And now, I had blown her off. I e-mailed her immediately and apologized.

So on Monday morning, while Alabama news hounds focused on the T.K. Davis Justice Center, I typed this blog.  I also served on the jury for a master’s thesis defense, since I had lost my excused absence.

I would not march into Judge Walker’s court with 100-plus other prospective jurors and hope that Elizabeth White (WTVM) or Katherine Haas (Opelika-Auburn News) would see me.

All because I am a too-cool-for-school idiot who can’t follow directions. Don’t look at me. It’s too hideous.

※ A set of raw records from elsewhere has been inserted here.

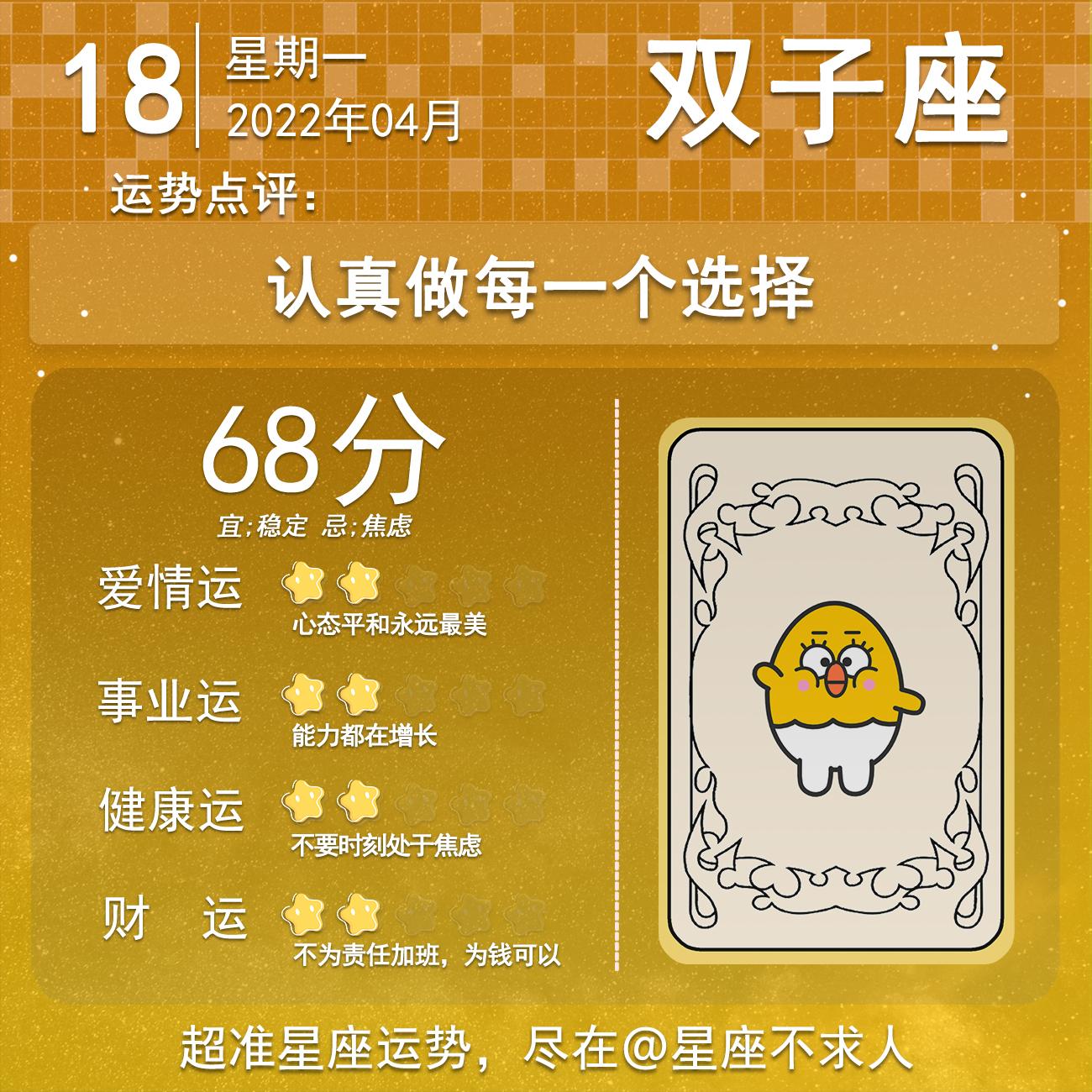 2022 4月星座运势-该如何改变现状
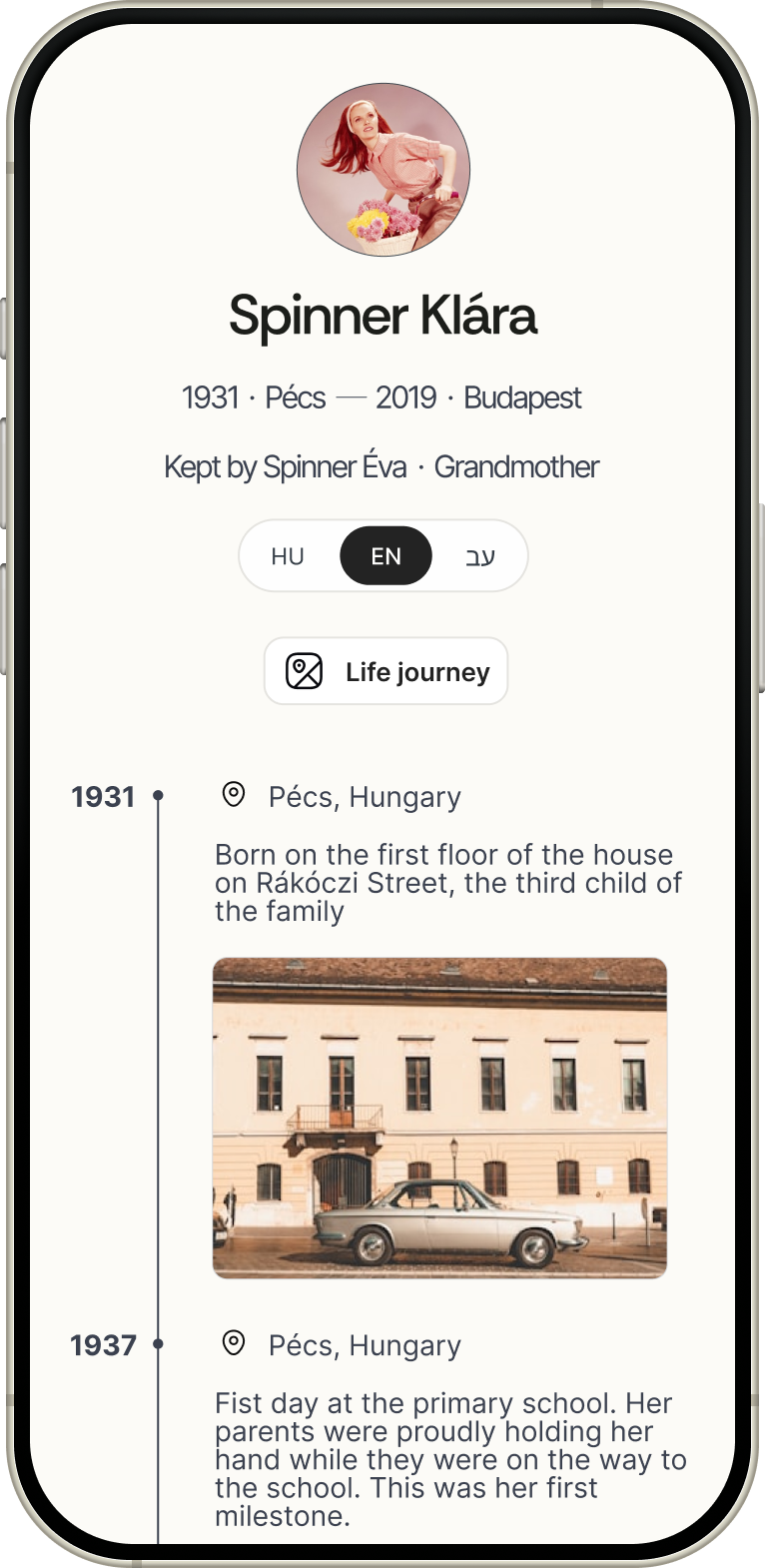 Spinner Klára memorial timeline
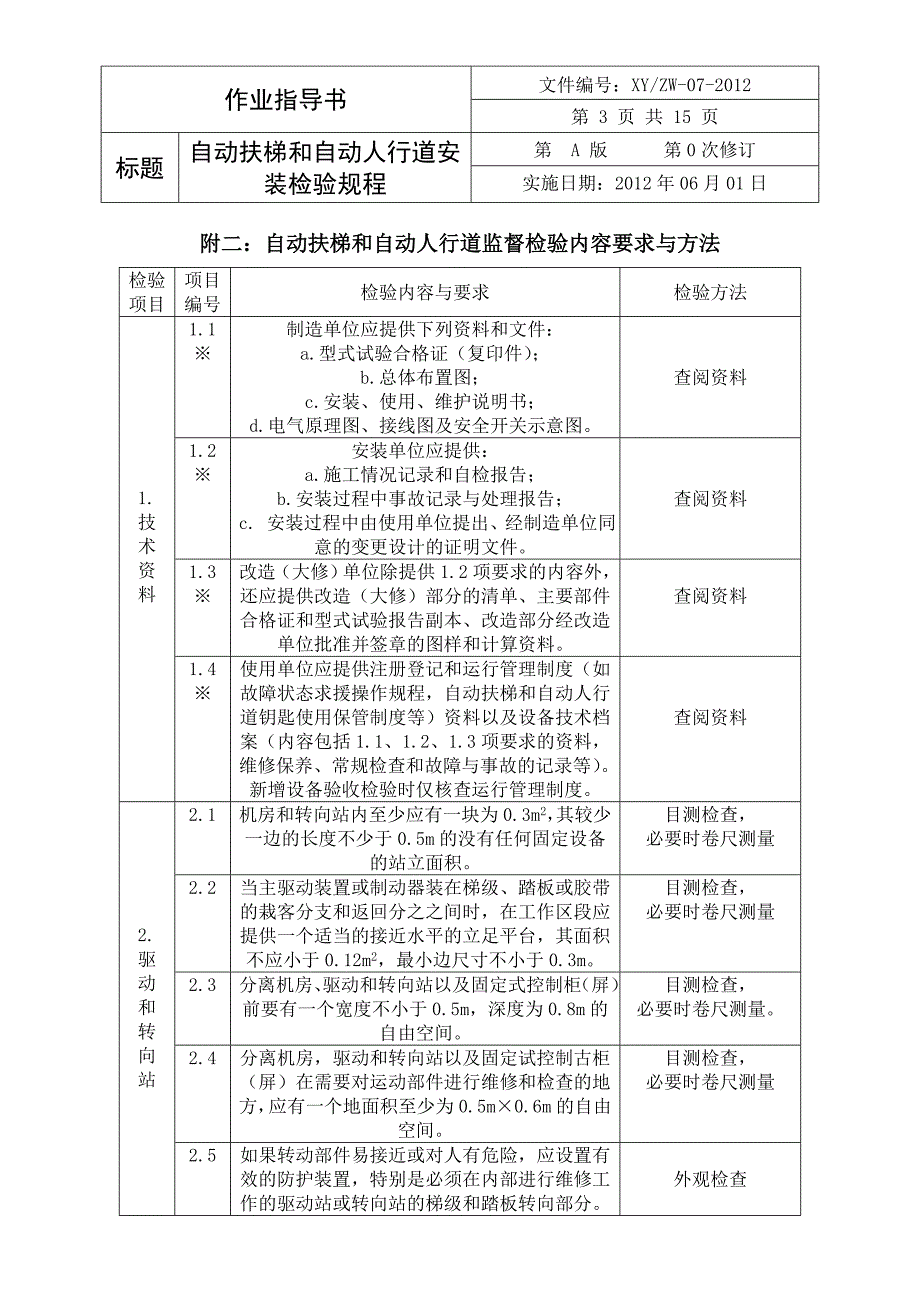 企业自动扶梯和自动人行道安装检验规程（DOC 15页）_第3页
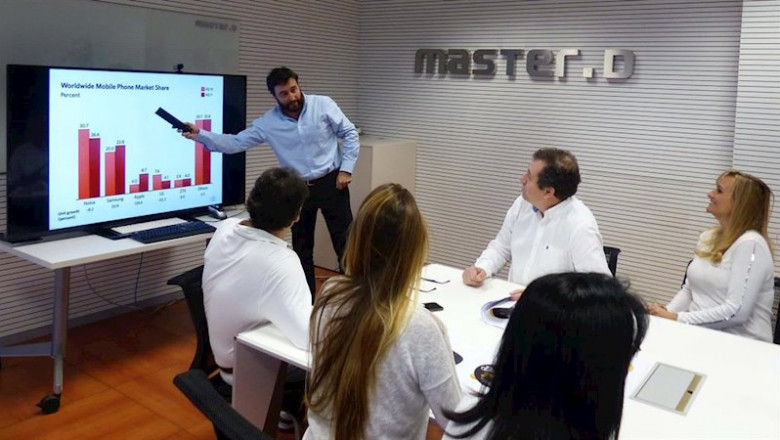 MASTERD | MASTERD - Archivo ep masterd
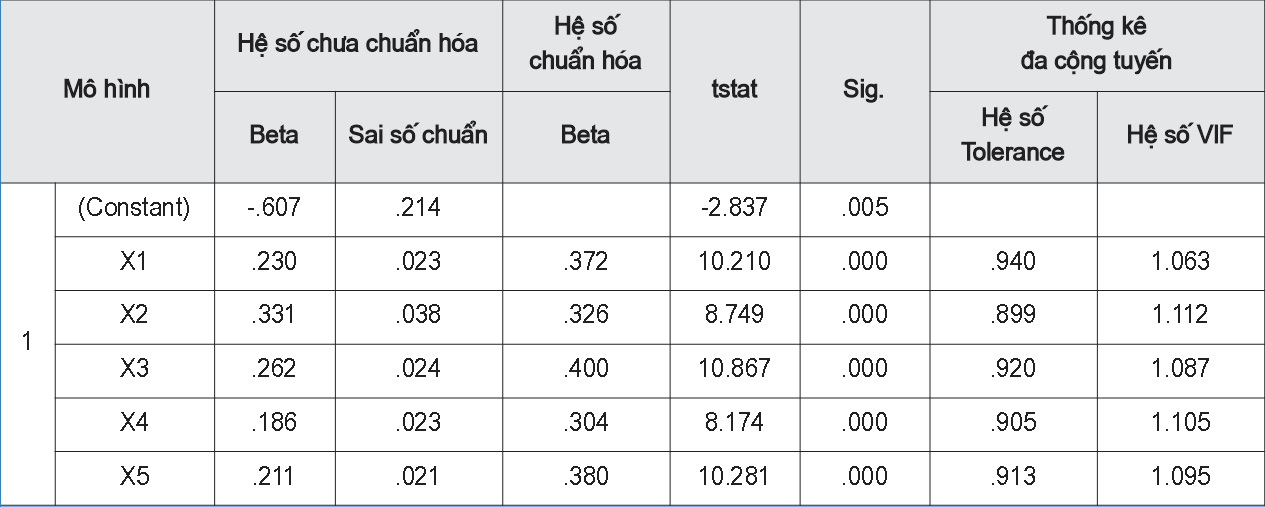 Bảng kết quả các trọng số hồi quy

We went to Price’s BBQ house for breakfast, to soothe the hurt. There I saw Dr. Gerald Johnson, another Chappy’s regular and a former political science professor. He was disappointed. “You could have been a footnote to history,” he said. “Now you are a footnote to a footnote.”

Or maybe ignorant foot fungus to a footnote.

I seriously doubt that I would have ended up on the jury. They hear “professor,” they hear “journalism,” and if it were possible, a spring-loaded chair would have boing-ed me back to the catch-as-catch-can parking lot.

 

Plus, I hear that employment at Auburn disqualified a few prospective jurors anyway.

But I have learned my lesson. So I can announce: if anything comes of the charges against Gov. Bentley, Roy Moore, Hillary Clinton, Donald Trump, Queen Elizabeth, or anyone, I am willing to serve.

I’ve got this “show up at the correct date and time” thing down, I think.